START Input data

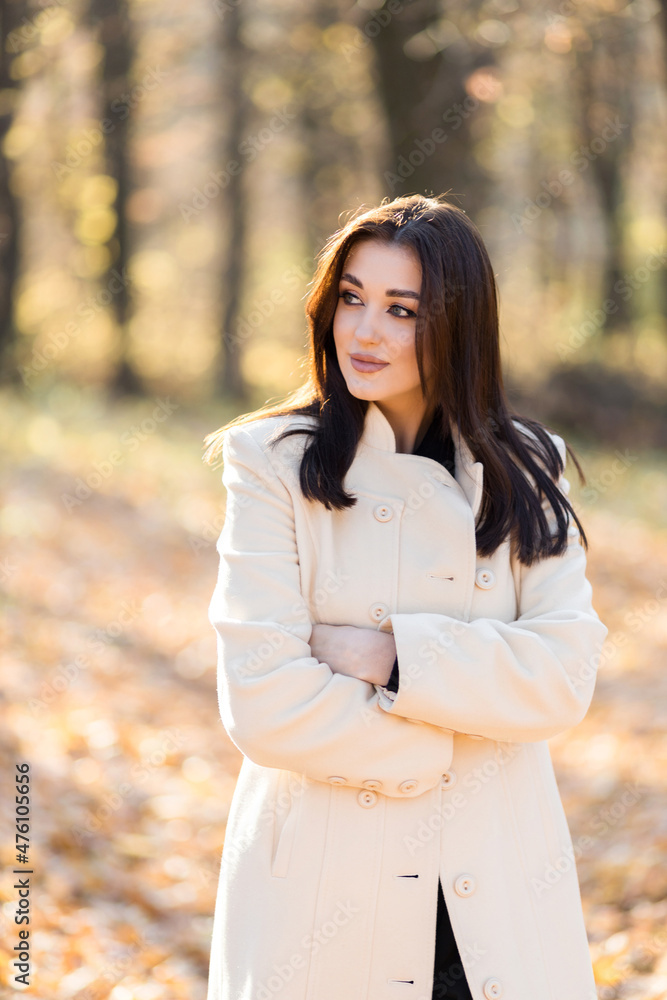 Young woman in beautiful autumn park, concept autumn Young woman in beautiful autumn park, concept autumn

END Input data
START Input data

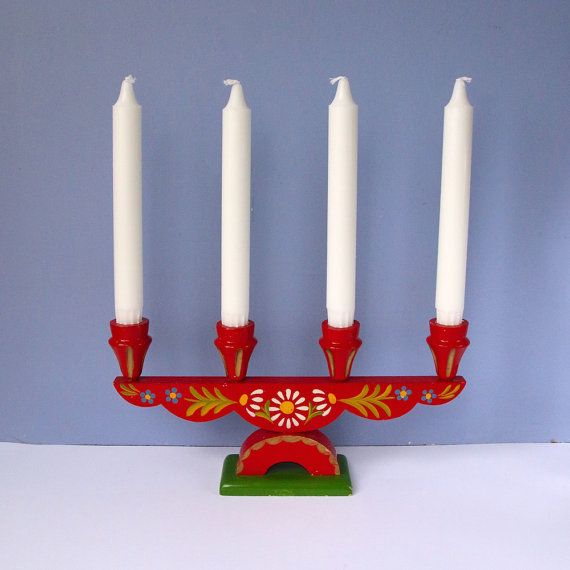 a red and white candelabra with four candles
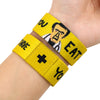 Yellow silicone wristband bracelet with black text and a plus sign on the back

END Input data
START Input data

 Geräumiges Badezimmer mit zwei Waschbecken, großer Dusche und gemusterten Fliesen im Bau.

END Input data

Please output the lines above beginning at the line with "a red and white candelabra with four candles" and ending after the line with "Yellow silicone wristband", precisely as written and with no pictures.

 a red and white candelabra with four candles
 Yellow silicone wristband bracelet with black text and a plus sign on the back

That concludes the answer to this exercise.